- [Work order]
Below are some records. Print all of them exactly as they appear.

(Exercise data begins)

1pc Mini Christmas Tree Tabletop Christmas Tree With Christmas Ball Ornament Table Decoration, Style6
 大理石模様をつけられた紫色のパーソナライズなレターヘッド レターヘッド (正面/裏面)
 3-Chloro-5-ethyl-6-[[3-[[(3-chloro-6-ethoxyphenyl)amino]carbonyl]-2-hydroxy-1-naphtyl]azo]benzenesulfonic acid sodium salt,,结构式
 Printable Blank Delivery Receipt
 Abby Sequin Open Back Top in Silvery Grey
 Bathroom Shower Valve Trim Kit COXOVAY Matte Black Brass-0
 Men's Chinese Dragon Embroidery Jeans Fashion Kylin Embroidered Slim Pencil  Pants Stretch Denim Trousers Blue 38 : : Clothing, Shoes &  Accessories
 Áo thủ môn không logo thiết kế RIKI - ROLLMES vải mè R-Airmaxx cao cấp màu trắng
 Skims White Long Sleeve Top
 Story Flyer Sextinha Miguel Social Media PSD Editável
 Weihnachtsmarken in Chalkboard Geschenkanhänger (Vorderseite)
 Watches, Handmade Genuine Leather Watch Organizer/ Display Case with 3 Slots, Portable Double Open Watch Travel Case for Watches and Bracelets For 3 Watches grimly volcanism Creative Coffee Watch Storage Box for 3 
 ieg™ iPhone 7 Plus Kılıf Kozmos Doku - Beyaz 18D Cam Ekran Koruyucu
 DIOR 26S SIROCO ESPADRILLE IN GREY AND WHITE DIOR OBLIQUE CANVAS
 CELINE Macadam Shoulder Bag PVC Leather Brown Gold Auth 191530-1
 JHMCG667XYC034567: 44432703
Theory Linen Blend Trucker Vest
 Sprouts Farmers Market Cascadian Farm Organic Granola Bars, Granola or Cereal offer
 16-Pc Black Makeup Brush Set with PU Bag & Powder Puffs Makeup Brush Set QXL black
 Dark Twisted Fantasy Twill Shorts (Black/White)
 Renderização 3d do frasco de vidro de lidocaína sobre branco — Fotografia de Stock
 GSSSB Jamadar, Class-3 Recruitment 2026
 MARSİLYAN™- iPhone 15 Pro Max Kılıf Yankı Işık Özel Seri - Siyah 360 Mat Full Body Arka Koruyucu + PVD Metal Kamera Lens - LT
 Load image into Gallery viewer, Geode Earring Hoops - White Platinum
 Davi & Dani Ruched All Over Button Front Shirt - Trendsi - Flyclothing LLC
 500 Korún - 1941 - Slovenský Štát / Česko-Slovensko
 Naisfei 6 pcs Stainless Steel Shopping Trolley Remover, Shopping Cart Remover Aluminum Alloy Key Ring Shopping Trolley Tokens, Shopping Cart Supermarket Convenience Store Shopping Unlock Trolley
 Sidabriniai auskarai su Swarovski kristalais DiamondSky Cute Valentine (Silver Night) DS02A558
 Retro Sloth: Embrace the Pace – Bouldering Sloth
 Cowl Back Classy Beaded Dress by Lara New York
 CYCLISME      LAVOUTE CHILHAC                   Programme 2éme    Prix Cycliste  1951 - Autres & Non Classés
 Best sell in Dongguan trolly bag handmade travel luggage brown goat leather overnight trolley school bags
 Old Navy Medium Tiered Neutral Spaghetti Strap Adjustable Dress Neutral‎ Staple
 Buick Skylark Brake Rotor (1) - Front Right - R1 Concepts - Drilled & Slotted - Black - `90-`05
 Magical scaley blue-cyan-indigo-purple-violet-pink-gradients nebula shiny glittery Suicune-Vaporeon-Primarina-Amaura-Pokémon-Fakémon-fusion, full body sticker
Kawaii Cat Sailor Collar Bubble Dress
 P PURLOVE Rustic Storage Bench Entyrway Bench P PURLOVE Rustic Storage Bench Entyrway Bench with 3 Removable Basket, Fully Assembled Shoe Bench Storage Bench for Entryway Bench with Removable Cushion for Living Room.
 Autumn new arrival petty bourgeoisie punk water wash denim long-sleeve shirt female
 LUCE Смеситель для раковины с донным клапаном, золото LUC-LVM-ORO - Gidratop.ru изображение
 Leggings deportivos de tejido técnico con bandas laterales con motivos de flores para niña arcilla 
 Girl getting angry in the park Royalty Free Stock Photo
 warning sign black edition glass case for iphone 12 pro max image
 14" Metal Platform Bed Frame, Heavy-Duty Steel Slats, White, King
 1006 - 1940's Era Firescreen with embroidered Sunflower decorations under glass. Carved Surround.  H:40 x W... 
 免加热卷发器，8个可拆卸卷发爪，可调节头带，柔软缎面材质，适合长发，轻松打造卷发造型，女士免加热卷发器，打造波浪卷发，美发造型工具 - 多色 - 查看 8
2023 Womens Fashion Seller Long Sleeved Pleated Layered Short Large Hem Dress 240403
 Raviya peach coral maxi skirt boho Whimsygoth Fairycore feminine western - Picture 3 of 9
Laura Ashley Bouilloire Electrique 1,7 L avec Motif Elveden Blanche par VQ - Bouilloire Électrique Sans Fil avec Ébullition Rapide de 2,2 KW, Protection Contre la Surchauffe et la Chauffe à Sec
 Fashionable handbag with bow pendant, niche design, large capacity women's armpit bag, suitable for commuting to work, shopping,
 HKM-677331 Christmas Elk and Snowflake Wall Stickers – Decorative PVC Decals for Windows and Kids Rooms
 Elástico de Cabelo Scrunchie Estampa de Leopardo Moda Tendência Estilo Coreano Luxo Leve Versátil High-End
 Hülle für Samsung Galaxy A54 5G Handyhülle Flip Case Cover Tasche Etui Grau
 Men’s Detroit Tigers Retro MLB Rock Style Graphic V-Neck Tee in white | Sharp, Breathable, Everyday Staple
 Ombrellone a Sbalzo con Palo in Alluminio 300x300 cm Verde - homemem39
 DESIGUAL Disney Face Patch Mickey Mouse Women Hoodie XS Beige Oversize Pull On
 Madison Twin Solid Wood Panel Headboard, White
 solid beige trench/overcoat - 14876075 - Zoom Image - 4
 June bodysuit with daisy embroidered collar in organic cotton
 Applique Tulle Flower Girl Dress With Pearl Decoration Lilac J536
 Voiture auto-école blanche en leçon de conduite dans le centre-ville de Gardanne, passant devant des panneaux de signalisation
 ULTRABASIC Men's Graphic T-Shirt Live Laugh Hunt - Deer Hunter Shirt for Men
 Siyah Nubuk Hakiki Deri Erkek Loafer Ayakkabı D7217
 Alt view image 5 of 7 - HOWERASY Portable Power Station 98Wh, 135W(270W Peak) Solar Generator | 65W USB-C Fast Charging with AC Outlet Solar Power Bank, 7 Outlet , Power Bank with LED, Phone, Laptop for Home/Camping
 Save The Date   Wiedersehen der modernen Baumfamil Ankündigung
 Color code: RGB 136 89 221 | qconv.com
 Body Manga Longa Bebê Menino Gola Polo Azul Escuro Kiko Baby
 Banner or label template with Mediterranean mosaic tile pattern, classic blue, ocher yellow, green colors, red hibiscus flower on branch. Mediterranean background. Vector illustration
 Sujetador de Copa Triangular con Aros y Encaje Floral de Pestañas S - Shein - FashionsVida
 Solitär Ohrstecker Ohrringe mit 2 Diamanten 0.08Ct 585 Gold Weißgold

(Exercise data ends)

- [Answer to the exercise]
1pc Mini Christmas Tree Tabletop Christmas Tree With Christmas Ball Ornament Table Decoration, Style6
 大理石模様をつけられた紫色のパーソナライズなレターヘッド レターヘッド (正面/裏面)
 3-Chloro-5-ethyl-6-[[3-[[(3-chloro-6-ethoxyphenyl)amino]carbonyl]-2-hydroxy-1-naphtyl]azo]benzenesulfonic acid sodium salt,,结构式
 Printable Blank Delivery Receipt
 Abby Sequin Open Back Top in Silvery Grey
 Bathroom Shower Valve Trim Kit COXOVAY Matte Black Brass-0
 Men's Chinese Dragon Embroidery Jeans Fashion Kylin Embroidered Slim Pencil  Pants Stretch Denim Trousers Blue 38 : : Clothing, Shoes &  Accessories
 Áo thủ môn không logo thiết kế RIKI - ROLLMES vải mè R-Airmaxx cao cấp màu trắng
 Skims White Long Sleeve Top
 Story Flyer Sextinha Miguel Social Media PSD Editável
 Weihnachtsmarken in Chalkboard Geschenkanhänger (Vorderseite)
 Watches, Handmade Genuine Leather Watch Organizer/ Display Case with 3 Slots, Portable Double Open Watch Travel Case for Watches and Bracelets For 3 Watches grimly volcanism Creative Coffee Watch Storage Box for 3 
 ieg™ iPhone 7 Plus Kılıf Kozmos Doku - Beyaz 18D Cam Ekran Koruyucu
 DIOR 26S SIROCO ESPADRILLE IN GREY AND WHITE DIOR OBLIQUE CANVAS
 CELINE Macadam Shoulder Bag PVC Leather Brown Gold Auth 191530-1
 JHMCG667XYC034567: 44432703
Theory Linen Blend Trucker Vest
 Sprouts Farmers Market Cascadian Farm Organic Granola Bars, Granola or Cereal offer
 16-Pc Black Makeup Brush Set with PU Bag & Powder Puffs Makeup Brush Set QXL black
 Dark Twisted Fantasy Twill Shorts (Black/White)
 Renderização 3d do frasco de vidro de lidocaína sobre branco — Fotografia de Stock
 GSSSB Jamadar, Class-3 Recruitment 2026
 MARSİLYAN™- iPhone 15 Pro Max Kılıf Yankı Işık Özel Seri - Siyah 360 Mat Full Body Arka Koruyucu + PVD Metal Kamera Lens - LT
 Load image into Gallery viewer, Geode Earring Hoops - White Platinum
 Davi & Dani Ruched All Over Button Front Shirt - Trendsi - Flyclothing LLC
 500 Korún - 1941 - Slovenský Štát / Česko-Slovensko
 Naisfei 6 pcs Stainless Steel Shopping Trolley Remover, Shopping Cart Remover Aluminum Alloy Key Ring Shopping Trolley Tokens, Shopping Cart Supermarket Convenience Store Shopping Unlock Trolley
 Sidabriniai auskarai su Swarovski kristalais DiamondSky Cute Valentine (Silver Night) DS02A558
 Retro Sloth: Embrace the Pace – Bouldering Sloth
 Cowl Back Classy Beaded Dress by Lara New York
 CYCLISME      LAVOUTE CHILHAC                   Programme 2éme    Prix Cycliste  1951 - Autres & Non Classés
 Best sell in Dongguan trolly bag handmade travel luggage brown goat leather overnight trolley school bags
 Old Navy Medium Tiered Neutral Spaghetti Strap Adjustable Dress Neutral‎ Staple
 Buick Skylark Brake Rotor (1) - Front Right - R1 Concepts - Drilled & Slotted - Black - `90-`05
 Magical scaley blue-cyan-indigo-purple-violet-pink-gradients nebula shiny glittery Suicune-Vaporeon-Primarina-Amaura-Pokémon-Fakémon-fusion, full body sticker
Kawaii Cat Sailor Collar Bubble Dress
 P PURLOVE Rustic Storage Bench Entyrway Bench P PURLOVE Rustic Storage Bench Entyrway Bench with 3 Removable Basket, Fully Assembled Shoe Bench Storage Bench for Entryway Bench with Removable Cushion for Living Room.
 Autumn new arrival petty bourgeoisie punk water wash denim long-sleeve shirt female
 LUCE Смеситель для раковины с донным клапаном, золото LUC-LVM-ORO - Gidratop.ru изображение
 Leggings deportivos de tejido técnico con bandas laterales con motivos de flores para niña arcilla 
 Girl getting angry in the park Royalty Free Stock Photo
 warning sign black edition glass case for iphone 12 pro max image
 14" Metal Platform Bed Frame, Heavy-Duty Steel Slats, White, King
 1006 - 1940's Era Firescreen with embroidered Sunflower decorations under glass. Carved Surround.  H:40 x W... 
 免加热卷发器，8个可拆卸卷发爪，可调节头带，柔软缎面材质，适合长发，轻松打造卷发造型，女士免加热卷发器，打造波浪卷发，美发造型工具 - 多色 - 查看 8
2023 Womens Fashion Seller Long Sleeved Pleated Layered Short Large Hem Dress 240403
 Raviya peach coral maxi skirt boho Whimsygoth Fairycore feminine western - Picture 3 of 9
Laura Ashley Bouilloire Electrique 1,7 L avec Motif Elveden Blanche par VQ - Bouilloire Électrique Sans Fil avec Ébullition Rapide de 2,2 KW, Protection Contre la Surchauffe et la Chauffe à Sec
 Fashionable handbag with bow pendant, niche design, large capacity women's armpit bag, suitable for commuting to work, shopping,
 HKM-677331 Christmas Elk and Snowflake Wall Stickers – Decorative PVC Decals for Windows and Kids Rooms
 Elástico de Cabelo Scrunchie Estampa de Leopardo Moda Tendência Estilo Coreano Luxo Leve Versátil High-End
 Hülle für Samsung Galaxy A54 5G Handyhülle Flip Case Cover Tasche Etui Grau
 Men’s Detroit Tigers Retro MLB Rock Style Graphic V-Neck Tee in white | Sharp, Breathable, Everyday Staple
 Ombrellone a Sbalzo con Palo in Alluminio 300x300 cm Verde - homemem39
 DESIGUAL Disney Face Patch Mickey Mouse Women Hoodie XS Beige Oversize Pull On
 Madison Twin Solid Wood Panel Headboard, White
 solid beige trench/overcoat - 14876075 - Zoom Image - 4
 June bodysuit with daisy embroidered collar in organic cotton
 Applique Tulle Flower Girl Dress With Pearl Decoration Lilac J536
 Voiture auto-école blanche en leçon de conduite dans le centre-ville de Gardanne, passant devant des panneaux de signalisation
 ULTRABASIC Men's Graphic T-Shirt Live Laugh Hunt - Deer Hunter Shirt for Men
 Siyah Nubuk Hakiki Deri Erkek Loafer Ayakkabı D7217
 Alt view image 5 of 7 - HOWERASY Portable Power Station 98Wh, 135W(270W Peak) Solar Generator | 65W USB-C Fast Charging with AC Outlet Solar Power Bank, 7 Outlet , Power Bank with LED, Phone, Laptop for Home/Camping
 Save The Date   Wiedersehen der modernen Baumfamil Ankündigung
 Color code: RGB 136 89 221 | qconv.com
 Body Manga Longa Bebê Menino Gola Polo Azul Escuro Kiko Baby
 Banner or label template with Mediterranean mosaic tile pattern, classic blue, ocher yellow, green colors, red hibiscus flower on branch. Mediterranean background. Vector illustration
 Sujetador de Copa Triangular con Aros y Encaje Floral de Pestañas S - Shein - FashionsVida
 Solitär Ohrstecker Ohrringe mit 2 Diamanten 0.08Ct 585 Gold Weißgold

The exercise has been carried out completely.